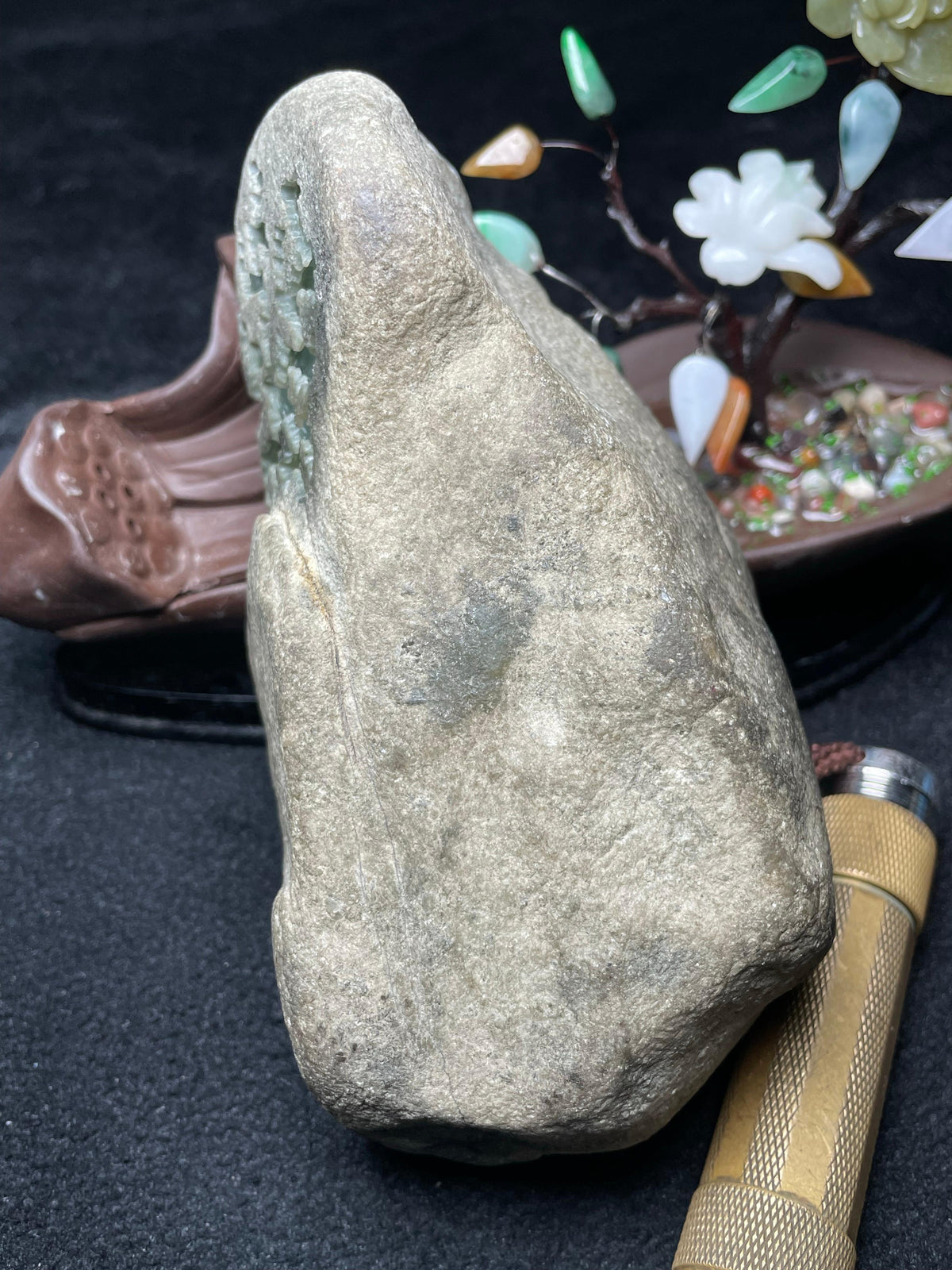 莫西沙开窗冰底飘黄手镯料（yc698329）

+++++

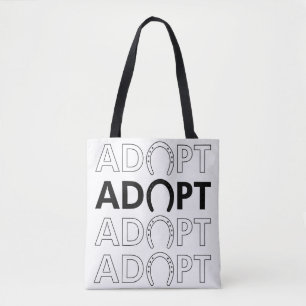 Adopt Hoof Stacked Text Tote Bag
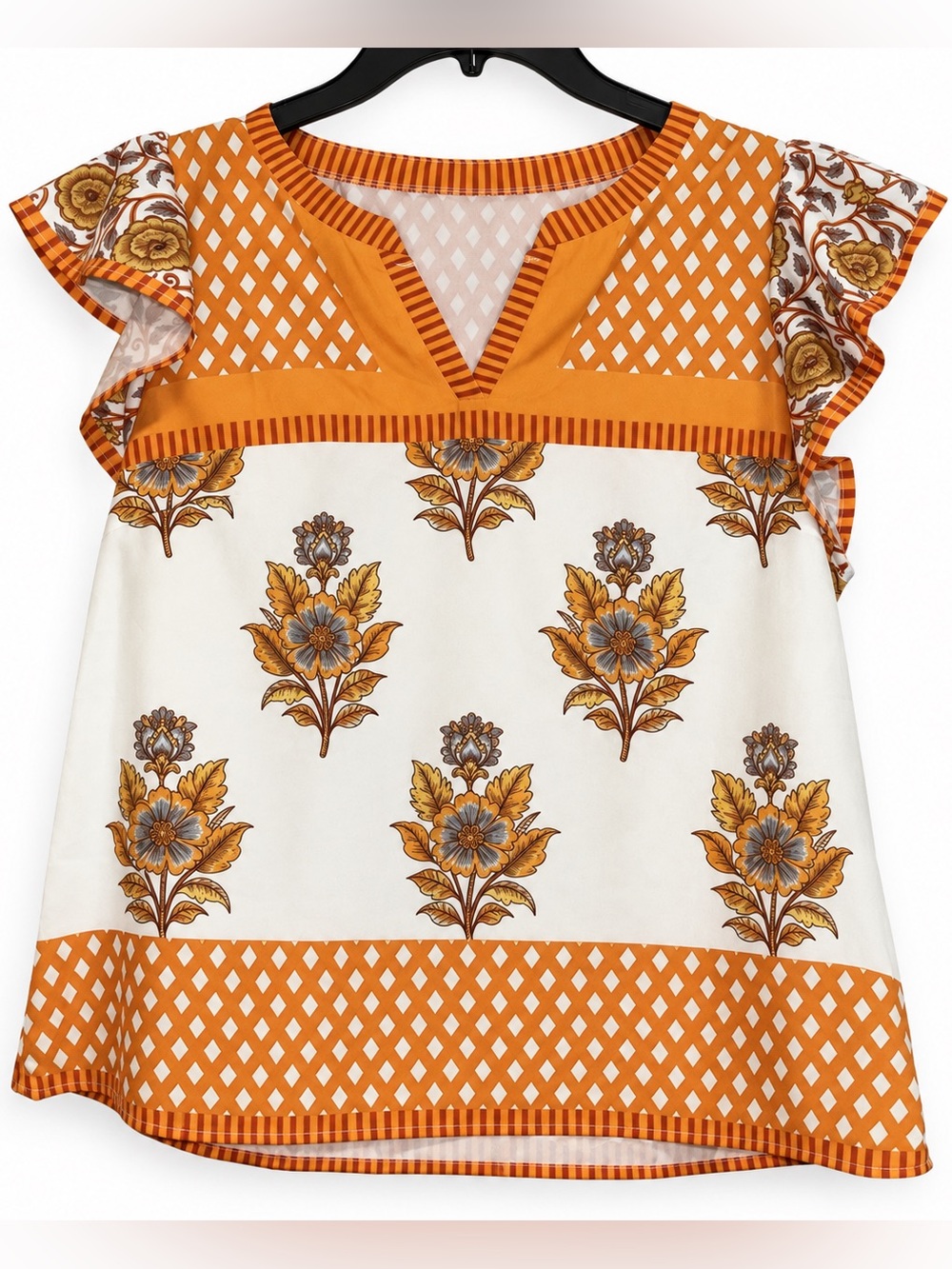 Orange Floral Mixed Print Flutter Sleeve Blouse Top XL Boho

+++++

Quote word for word only the lines above from the one containing "Adopt Hoof Stacked Text Tote Bag" through the one containing "Orange Floral Mixed". Pictures stay out of your copy.

- _Solution_
 Adopt Hoof Stacked Text Tote Bag
 Orange Floral Mixed Print Flutter Sleeve Blouse Top XL Boho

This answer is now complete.